As the combats continued, the Saracens center infantry had to manoeuvre to face to the threat from their right, the horse archers kept shooting but were on their own table edge now, nowhere left to run! The slow Saracen cavalry attack had moved off, but still had a long way to go to get stuck in. They needed to hurry up!

This they did and the Al-Halqa and Ghulam galloped and charged, meanwhile the horse archers had also charged a unit of archers only to find them standing firm. Back on the messy right flank, more carnage, arab cavalry were defeated and broke, the knights ploughed on, into the centre's infantry. I kept shooting into the melees, which mean the knights were never safe, even though the Templars were now joining the fray too, but they again had a Rally card, or discarded to keep those knights safe. 
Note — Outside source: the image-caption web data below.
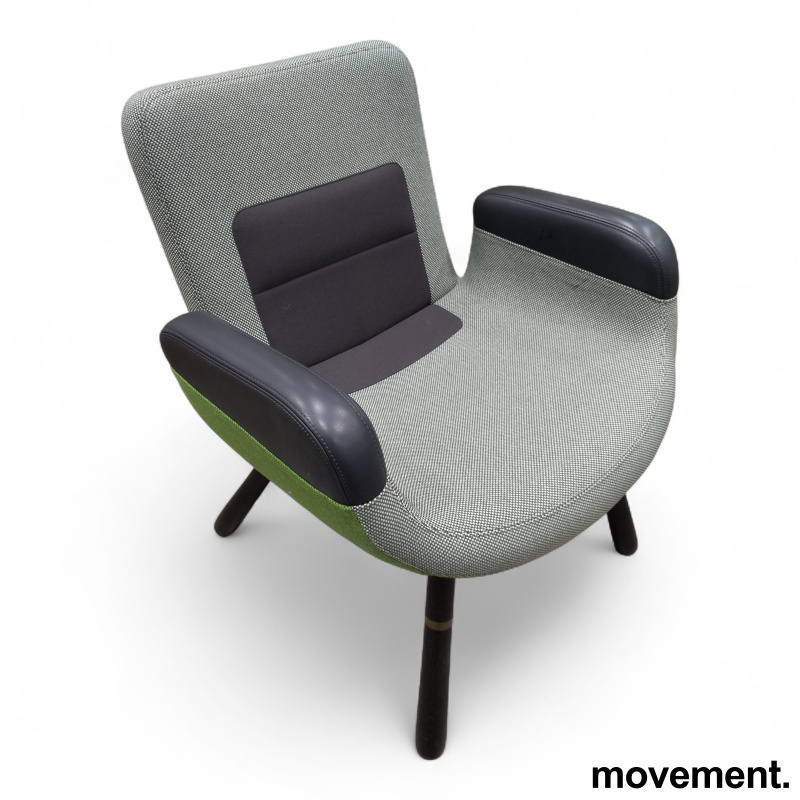 East river chair Grønn, Pent brukt - 1 / 3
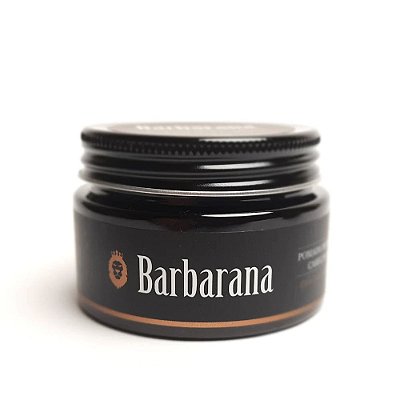 Pomada Modeladora para Barba e Cabelo 90g - Royal Allure - Barbarana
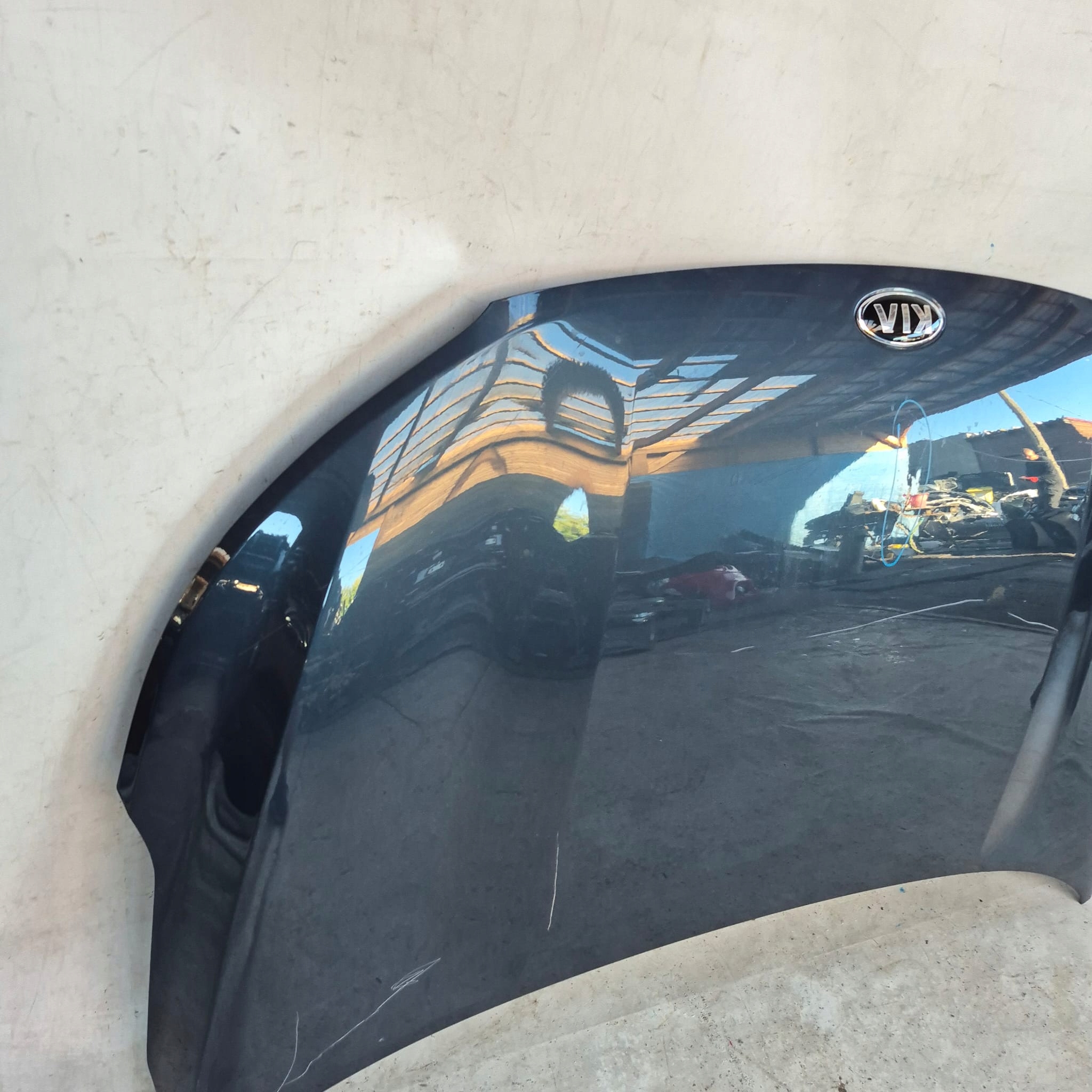 KIA STONIC 17-20 bonnet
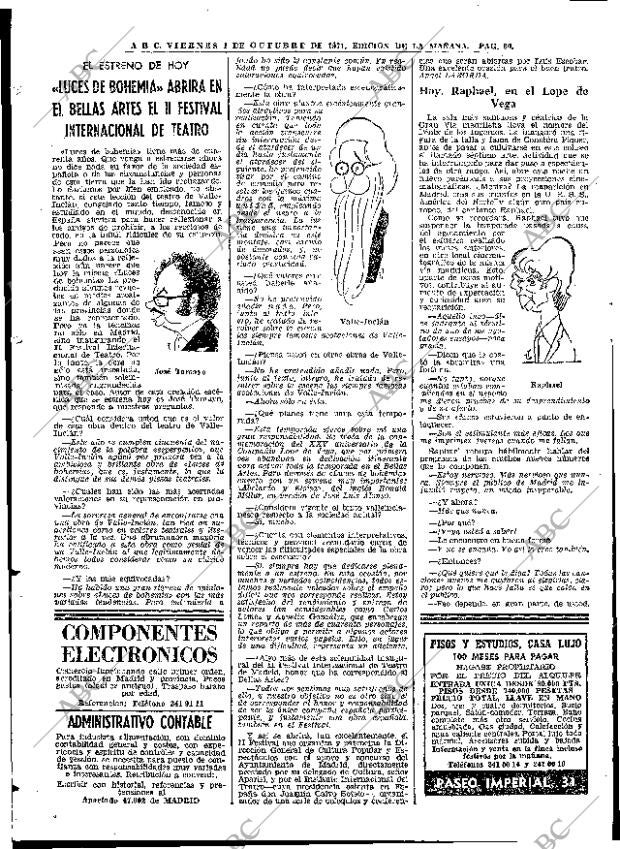ABC MADRID 01-10-1971 página 80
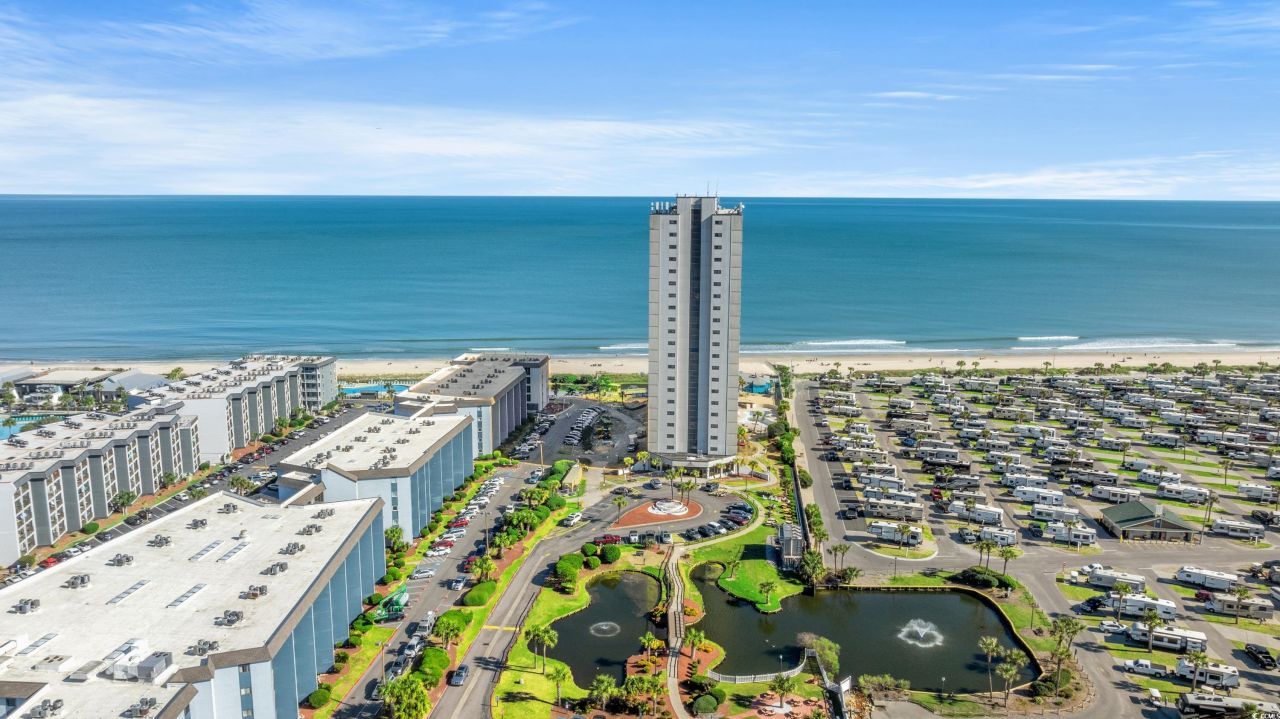 5905 South Kings Hwy., Unit 1708, Myrtle Beach, SC 29575 Main Photo
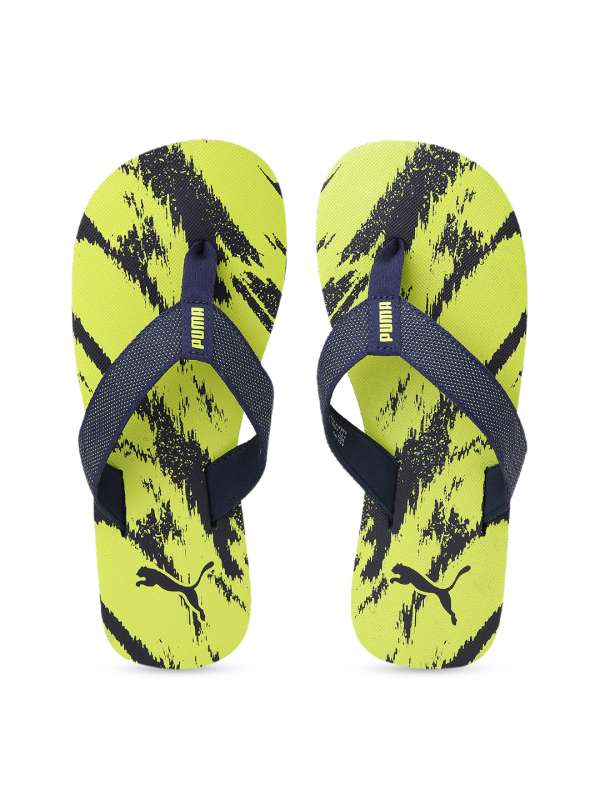 myntra slippers for mens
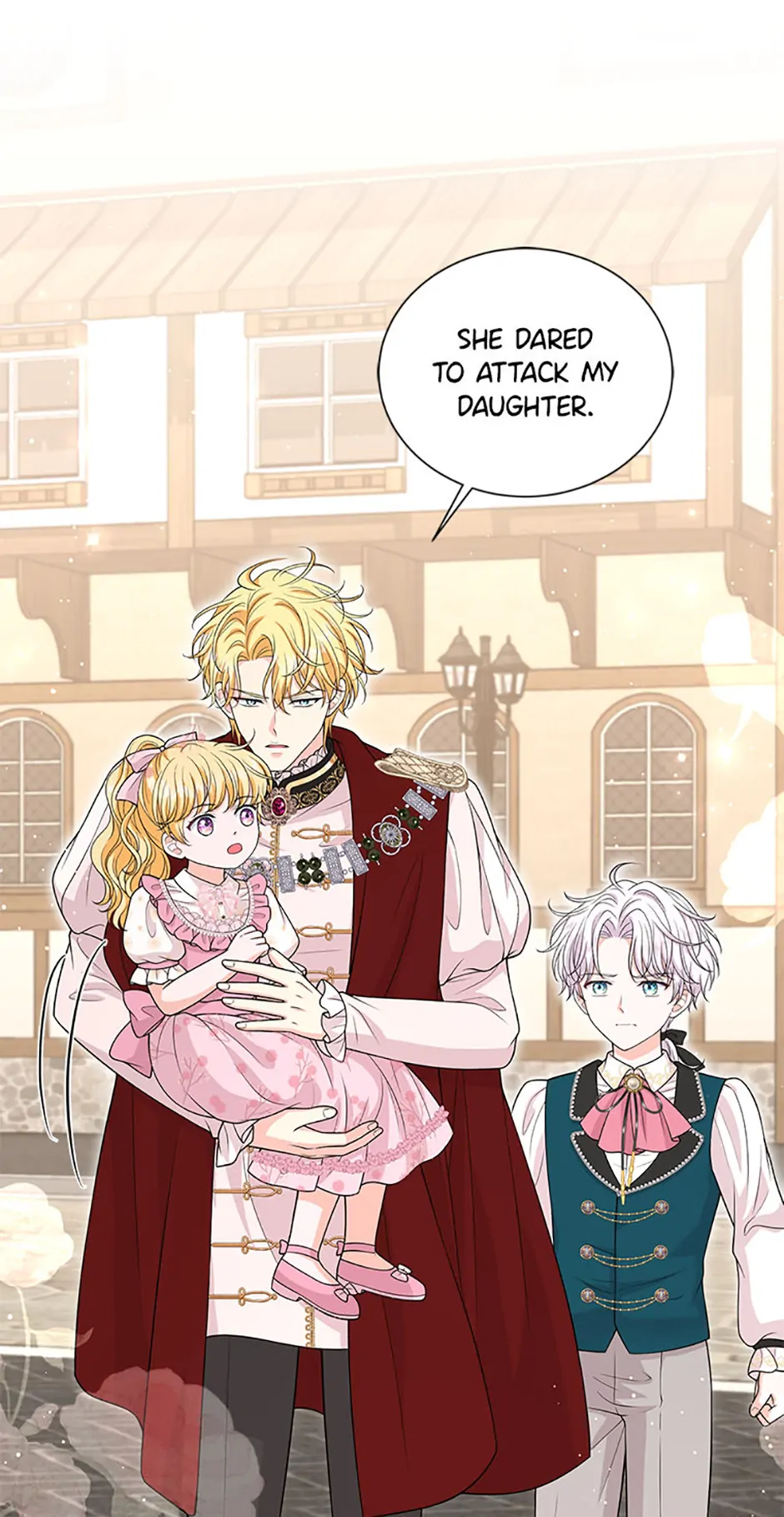 The S-Class Little Princess Is Too Strong chapter 44 page 22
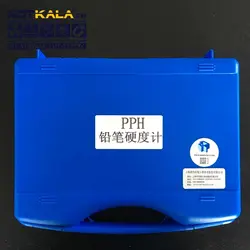 مشخصات، قیمت و خرید سختی سنج مدادی مدرن MODERN PPH-Ⅰ » NDTKALA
By turn 4 it was looking all over, the knights pounded into the horse archers and killed the right flanks command stand as well, despite his heroic efforts as a 'bold leader'. The flank's 5 units had all been routed from the field and the lost 'battle' meant a lost battle. A decisive victory for the Crusaders as their knights just hammered my flank as an unstoppable force (well, with those units facing them). Sometimes, the 'KISS' plan works and the big all-out charge had here. Tbf, my hand wasn't very kind. I rarely had any way to move, March and Charge! cards were dominated by the Crusaders, and when I did have him in trouble, he had the Rally required in hand. Such are the vagaries of war...

OK, lessons in game rules are over, the gloves are off!

Saracen centre, most of the infantry, facing the village. The plan was to just move up and hold it. That didn't happen!


The far right, horse archers move up to engage his defensive line and trade shots with his archers and crossbowmen. They held out well.


Knights rush in, and charge the militia in turn 1. Ot-oh!


Mopping up the left flank, all three knight units crush their opponents and charge on!


Too little, too late, the Saracen cavalry attacks, but can't defeat the Crusaders line before the right flank is annihilated.